To include those with autism in the discussion I spoke with my younger sister, Isabelle Younglove, 17, who was diagnosed with Asperger’s in elementary school.
Asperger’s is a developmental disorder characterized by significant difficulties in social interaction and nonverbal communication, along with restricted and repetitive patterns of behavior and interests.
Isabelle discussed her views and thoughts on ASD.
“Imagine an ice cream parlor in which the person making the ice cream (a person’s brain) picks out toppings (symptoms of neurodivergency) at random,” Younglove said.
“Some toppings might be more flavorful than others. People might mistake cones with certain other toppings as ‘topping-free.’
“Some people are jerks who deny that an ice cream cone is ice cream at all because of the toppings. Sometimes a topping is detrimental to the overall taste of the cone, or sometimes it makes it taste even better. Sometimes a cone has no toppings at all.”
AS regards those on the spectrum as inflicting suffering, based on the organization’s commercials and the site’s own words.
One example of AS twisting and lying about autism can be seen in their advertising. The commercial “I Am Autism” was removed from AS’ Youtube account but can still be viewed through other postings of the cruel, fearmongering commercial which paints autism as a disease.
The commercial shows videos of children who apparently have autism. Viewers know they have autism because of a deep voice speaking over ominous music.
“I am visible to your children, but I am invisible to you until it’s too late,” the commercial says.
“If you are happily married I will make sure that your marriage fails. Your money will fall into my hands and I will bankrupt you for my own self gain.

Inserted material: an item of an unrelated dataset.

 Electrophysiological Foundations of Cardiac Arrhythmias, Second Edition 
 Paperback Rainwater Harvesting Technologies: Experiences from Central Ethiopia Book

“I don’t sleep so I make sure you don’t either. I will make it virtually impossible for your family to easily attend a temple, a birthday party, a public park without a struggle, without embarrassment, without pain.
“You have no cure for me.”
This is just one example of AS portraying autism as something to fear, and those who have it are infected and are not really your children.
“Autism Speaks is not a safe organization,” Younglove said. “It does not care about accepting autistic people, and its messages inspire fear and hatred of them.”
In November 2014, Suzanne Wright spoke at the Vatican and further showed her views on ASD.
“Let us all be honest: autism is like nothing we have ever experienced before,” she said. “And there are a tremendous amount of suffering in our autism families.”
Wright even compared those on the spectrum to lepers in the Bible, the outcasts of society infected by a chronic, infectious disease.
“Autism is forcing parents and caregivers to slow down the frenetic pace of our modern world and look into the eyes of our loved ones, as Saint Francis did with the leper.”
It is this attitude which deters those with ASD from the organization. Those are the voices we should be listening to, those who have ASD, not those who demonize it.
Autistic Advocacy is an honest organization assisting and representing those on the spectrum– because members of the organization actually have ASD.
According to Autism Advocacy only 1.6% of Autism Speaks’ budget goes toward the “Family Service” grants. This is the organization’s means of funding services.
“Autism Speaks spends 10x as much—16%—on fundraising,” the website says. 
“Although Autism Speaks has not prioritized services with a practical impact for families and individuals in its budget, its rates of executive pay are the highest in the autism world: some salaries exceed $500,000 a year.”
One of AS’s biggest criticisms has been the lack of board of directors or any members of the organization who actually have autism. 
There have been a few members in the organization who has autism such as John Elder Robinson. According to Robinson’s personal bog, the author resigned his role at AS in 2013, after a series of outrageous comments from the company’s founders.
AS views autism as something to cure, something deadly which needs to be eradicated from the gene pool. 
Searching for a cure to autism not only hurts the autistic community but it is a personal attack on their very existence.